Short text fragments from websites

* * * * *

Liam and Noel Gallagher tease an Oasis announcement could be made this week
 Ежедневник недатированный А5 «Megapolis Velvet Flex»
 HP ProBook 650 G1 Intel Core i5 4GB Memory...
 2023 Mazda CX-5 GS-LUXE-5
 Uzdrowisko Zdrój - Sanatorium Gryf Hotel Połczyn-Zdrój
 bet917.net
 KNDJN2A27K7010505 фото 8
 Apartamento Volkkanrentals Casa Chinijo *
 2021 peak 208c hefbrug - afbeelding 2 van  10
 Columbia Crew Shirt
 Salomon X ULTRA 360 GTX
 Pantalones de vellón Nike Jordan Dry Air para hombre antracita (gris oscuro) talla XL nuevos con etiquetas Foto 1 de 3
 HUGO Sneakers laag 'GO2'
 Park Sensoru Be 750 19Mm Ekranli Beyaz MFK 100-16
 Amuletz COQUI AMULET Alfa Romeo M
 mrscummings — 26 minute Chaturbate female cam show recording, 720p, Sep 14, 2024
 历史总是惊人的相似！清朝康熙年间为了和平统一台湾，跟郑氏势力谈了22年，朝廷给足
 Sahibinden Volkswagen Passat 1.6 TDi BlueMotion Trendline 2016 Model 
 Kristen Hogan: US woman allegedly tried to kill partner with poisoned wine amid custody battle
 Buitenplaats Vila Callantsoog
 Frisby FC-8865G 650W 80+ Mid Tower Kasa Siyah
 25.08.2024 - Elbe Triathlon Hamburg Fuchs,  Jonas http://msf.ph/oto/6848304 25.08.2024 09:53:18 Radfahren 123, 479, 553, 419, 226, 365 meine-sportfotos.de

* * * * *

- _YOUR ASSIGNMENT_
Would you print exactly the lines from the first line of the entries above through the line that has "Salomon X ULTRA 360 GTX", both included, and stop there?

- _EXERCISE RESULT_
Liam and Noel Gallagher tease an Oasis announcement could be made this week
 Ежедневник недатированный А5 «Megapolis Velvet Flex»
 HP ProBook 650 G1 Intel Core i5 4GB Memory...
 2023 Mazda CX-5 GS-LUXE-5
 Uzdrowisko Zdrój - Sanatorium Gryf Hotel Połczyn-Zdrój
 bet917.net
 KNDJN2A27K7010505 фото 8
 Apartamento Volkkanrentals Casa Chinijo *
 2021 peak 208c hefbrug - afbeelding 2 van  10
 Columbia Crew Shirt
 Salomon X ULTRA 360 GTX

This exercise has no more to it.